(Beginning of Exercise data)

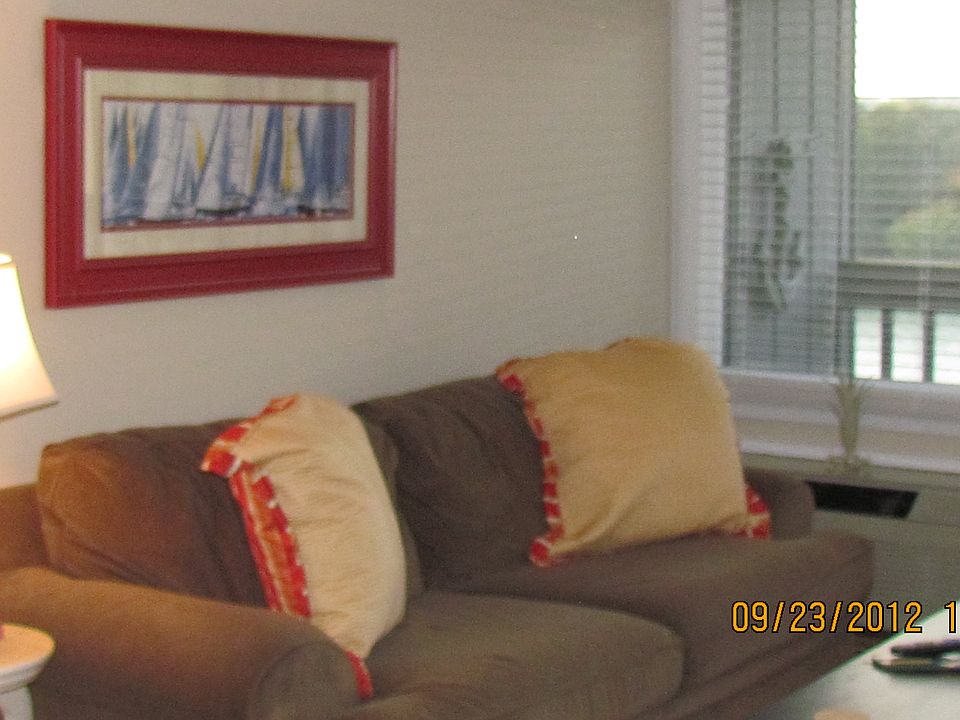 16109 Smith Mountain Lake Pkwy S7, Huddleston, VA 24104 Zillow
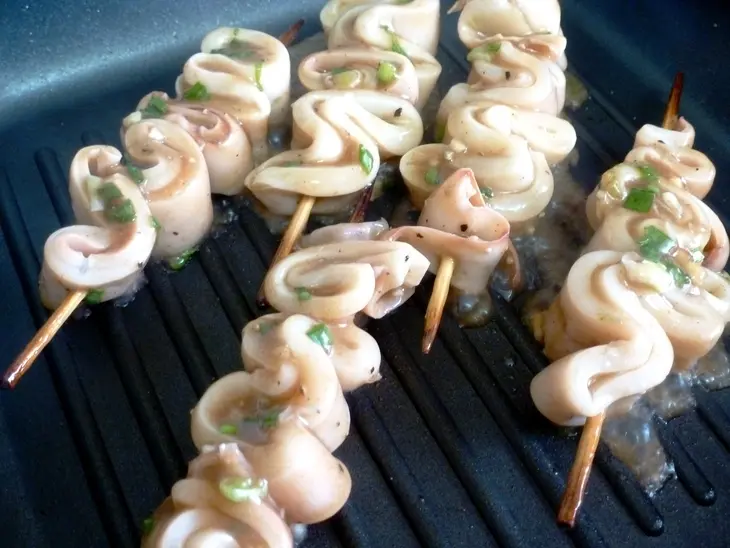 Мини-шашлычки из кальмаров с чесноком и лаймом #махеевънаприроде: шаг 7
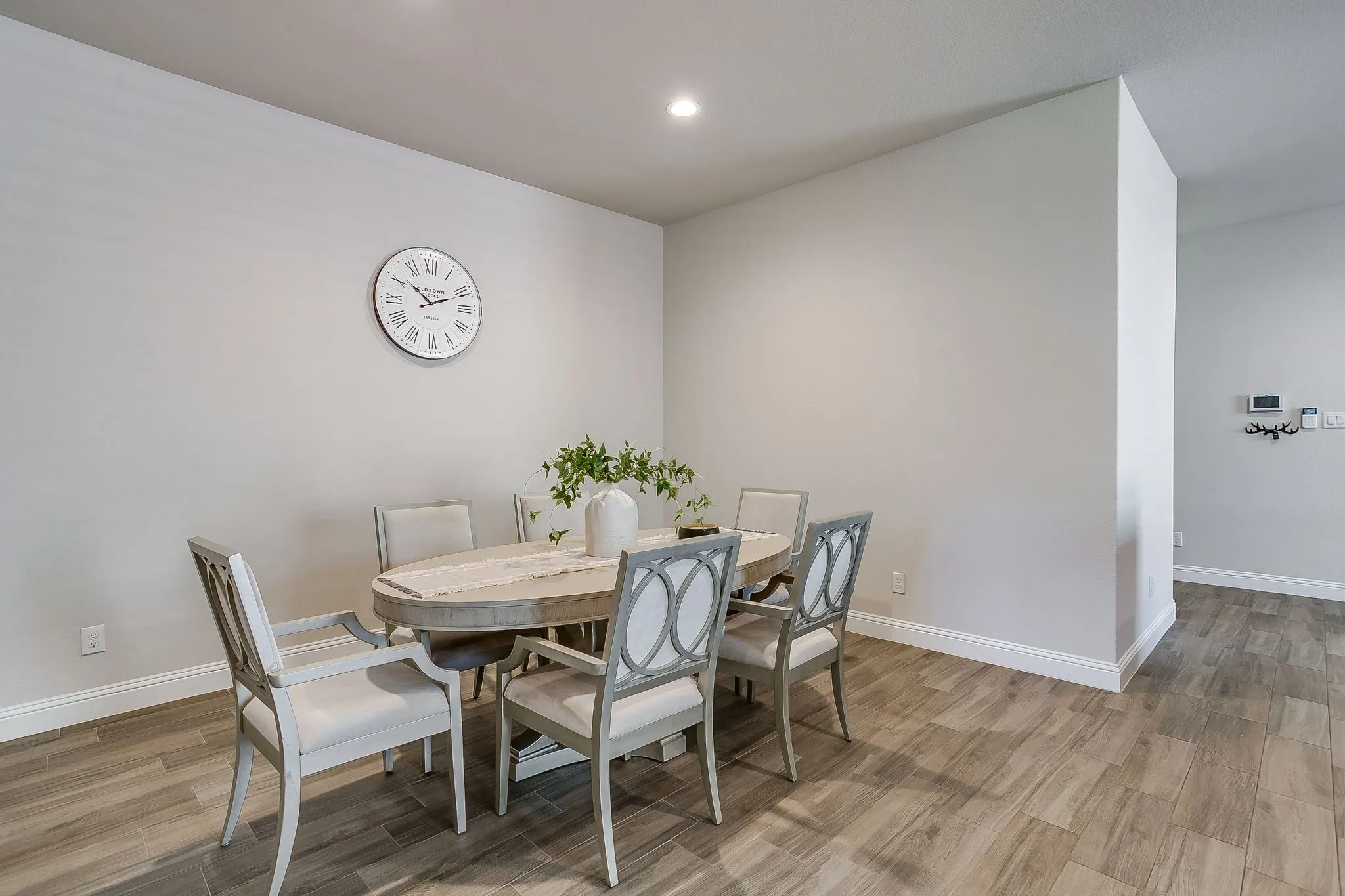 Single Family Residence For Sale in Johnson County , 912 Bailey Lane, Mansfield, Texas 76063, 4 Bedroom, 2 Bathroom, 3 Garage spaces, 2,270 Sqft, built in 2021, mls#21405214, Real Estate Agent in Mansfield, Homes For Sale in Johnson county, Homes For Sale in Mansfield, Realtor in Mansfield Texas, Real Estate Brokerage Independent Realty Texas, Luminita Cordes Realtor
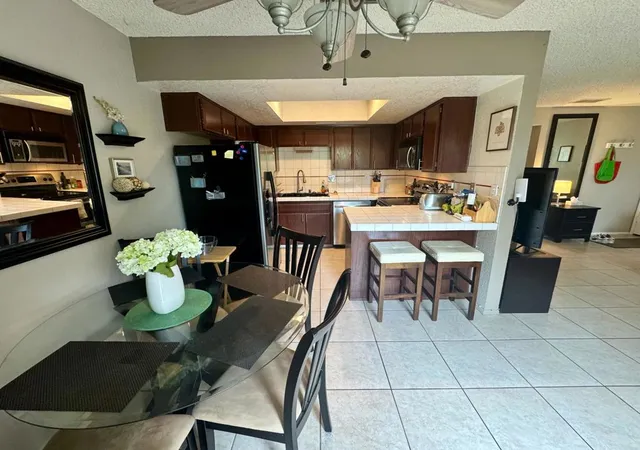 Photo 3 of Condo for sale at 32505 Candlewood Dr #2, Cathedral City, CA 92234 | MLS# 219151268DA | Listing updated on 2026-09-13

(End of Exercise data)

Problem statement:
Once the pictures are removed, copy the listing exactly.

Solution to the exercise:
 16109 Smith Mountain Lake Pkwy S7, Huddleston, VA 24104 Zillow
 Мини-шашлычки из кальмаров с чесноком и лаймом #махеевънаприроде: шаг 7
 Single Family Residence For Sale in Johnson County , 912 Bailey Lane, Mansfield, Texas 76063, 4 Bedroom, 2 Bathroom, 3 Garage spaces, 2,270 Sqft, built in 2021, mls#21405214, Real Estate Agent in Mansfield, Homes For Sale in Johnson county, Homes For Sale in Mansfield, Realtor in Mansfield Texas, Real Estate Brokerage Independent Realty Texas, Luminita Cordes Realtor
 Photo 3 of Condo for sale at 32505 Candlewood Dr #2, Cathedral City, CA 92234 | MLS# 219151268DA | Listing updated on 2026-09-13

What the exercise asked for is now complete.